Fiquei grandemente admirada e mesmo um pouco surpreendida de me ver objeto da misericórdia divina. Senti subitamente, antes que as palavras me houvessem chegado, que elas vinham de servos de Deus e grande doçura experimentei em meu coração, que afinal se aquietou quando a voz do santo ressoou aos meus ouvidos. Dizer-vos o que se passava então em mim não é possível, porque eu não vos poderia descrever a minha alegria calma e intensa; mas, senti tão grande paz que, ao partirem os mensageiros, me julguei órfã de Deus e do Céu. Compreendi um pouco que a vontade deles devia ser a minha; porém, desejando imensamente que me visitassem, admirei-me das ordens que me davam e receei um pouco ver realizados os desejos que exprimiam. Parecia-me, certamente, uma bela obra me tornar-me a salvaguarda da França; mas, uma donzela não vai para o meio de homens d'armas. Finalmente, na doce e habitual companhia dos seres que me falavam, cheguei a ter mais confiança em mim própria e o amor que sempre consagrei a Deus me indicou a conduta a seguir, pois que não é decorosa a rebelião contra a vontade de um pai.


“Foi-me penoso, embora também motivo de alegria, o obedecer e, enfim, fiz primeiramente à vontade de Deus. Por essa obediência sou feliz e nisto também acho uma razão para fazer o que Deus quer, para perdoar aos que foram o instrumento de minha morte, crente de que não tinham ódio à minha alma, tanto que lhe deram a liberdade, mas sim à obra que era por mim executada.
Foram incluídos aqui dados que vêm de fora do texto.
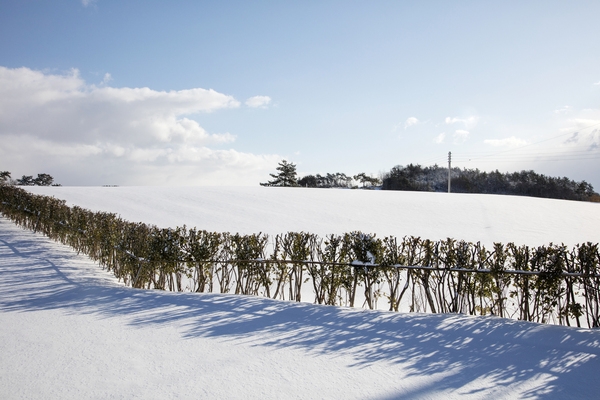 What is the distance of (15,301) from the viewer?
6055 mm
“Tendo sido essa obra abençoada por Deus, eles eram grandemente culpados; também nenhum ódio lhes tenho às almas. Sou inimiga de tudo o que Deus reprova, da falta e da maldade. A obra que fizeram é que está fora da graça. Todos reentrarão na graça de Deus, mas a lembrança do passado não se lhes apagará. Choro o ódio que plantaram entre seus irmãos, o mau grão que semearam no campo da Igreja e que levou esta mãe que tanto amei a procurar mais a fé do que o amor do perdão. É-me grato, entretanto, vê-los emendar-se a confessar um pouco o erro que cometeram; porém, não o fizeram como eu desejara e a minha afeição à Igreja se desligará cada vez mais desta antiga reitora das almas, para se dar tão somente ao nosso doce e gracioso Senhor.”